I apologize if this has been answered before, but I was not able to find anything. This question was inspired by a comment on another security-related question here on SO:
How to generate a random, long salt for use in hashing?
The specific comment is as follows (sixth comment of accepted answer):
...Second, and more importantly, this will only return hexadecimal characters - i.e. 0-9 and A-F. It will never return a letter higher than an F. You're reducing your output to just 16 possible characters when there could be - and almost certainly are - many other valid characters.
– AgentConundrum Oct 14 '12 at 17:19
This got me thinking. Say I had some arbitrary series of bytes, with each byte being randomly distributed over 2^(8). Let this key be A. Now suppose I transformed A into its hexadecimal string representation, key B (ex. 0xde 0xad 0xbe 0xef => "d e a d b e e f").
Some things are readily apparent:
My suspicion is that, in this example, the two keys will end up being equally as secure (otherwise every password cracking tool would just convert one representation to another for quicker attacks). External to this contrived example, however, I suspect there is an important security moral to take away from this; especially when selecting a source of randomness.
So, in short, which is more desirable from a security stand point: longer keys or keys whose values cover more discrete symbols?

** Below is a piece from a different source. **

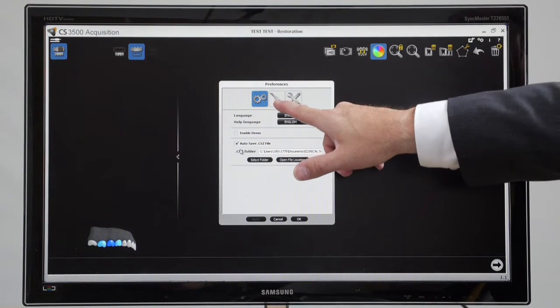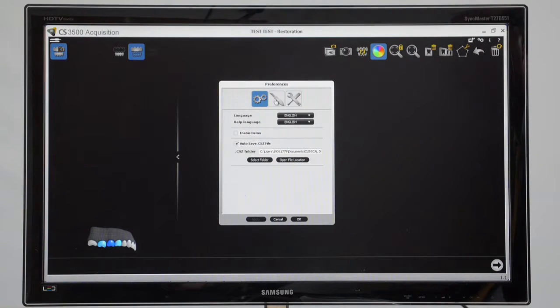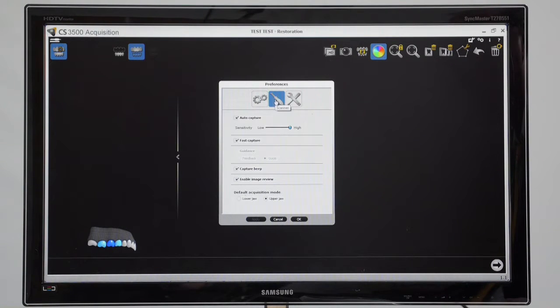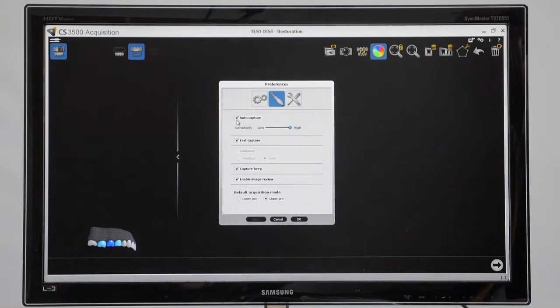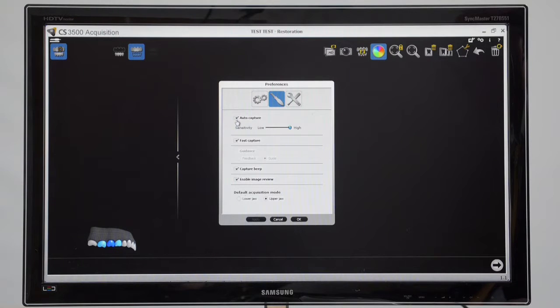Now I'll move to the central icon there and we'll just run through what these are and what benefits these are. So we have auto capture. As you know, you can scan using an auto capture feature.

I am really interested in the theory behind this, so an extra bonus gold star (or at least my undying admiration) to anyone who can also provide the math / proof behind their conclusion.
Let's start with a binary string of length 8. The possible combinations are all permutations from 00000000 and 11111111. This gives us a keyspace of 2^8, or 256 possible keys. Now let's look at option A:
A: Adding one additional bit. We now have a 9-bit string, so the possible values are between 000000000 and 111111111, which gives us a keyspace size of 2^9, or 512 keys. We also have option B, however.
B: Adding an additional value to the keyspace (NOT the keyspace size!): Now let's pretend we have a trinary system, where the accepted numbers are 0, 1, and 2. Still assuming a string of length 8, we have 3^8, or 6561 keys...clearly much higher.
However! Trinary does not exist!
Let's look at your example. Please be aware I will be clarifying some of it, which you may have been confused about. Begin with a 4-BYTE (or 32-bit) bitstring: 11011110 10101101 10111110 11101111 (this is, btw, the bitstring equivalent to 0xDEADBEEF)
Since our possible values for each digit are 0 or 1, the base of our exponent is 2. Since there are 32 bits, we have 2^32 as the strength of this key. Now let's look at your second key, DEADBEEF. Each "digit" can be a value from 0-9, or A-F. This gives us 16 values. We have 8 "digits", so our exponent is 16^8...which also equals 2^32! So those keys are equal in strength (also, because they are the same thing).
But we're talking about REAL passwords, not just those silly little binary things. Consider an alphabetical password with only lowercase letters of length 8: we have 26 possible characters, and 8 of them, so the strength is 26^8, or 208.8 billion (takes about a minute to brute force). Adding one character to the length yields 26^9, or 5.4 trillion combinations: 20 minutes or so. Let's go back to our 8-char string, but add a character: the space character. now we have 27^8, which is 282 billion....FAR LESS than adding an additional character!
The proper solution, of course, is to do both: for instance, 27^9 is 7.6 trillion combinations, or about half an hour of cracking. An 8-character password using upper case, lower case, numbers, special symbols, and the space character would take around 20 days to crack....still not nearly strong enough. Add another character, and it's 5 years.
As a reference, I usually make my passwords upwards of 16 characters, and they have at least one Cap, one space, one number, and one special character. Such a password at 16 characters would take several (hundred) trillion years to brute force.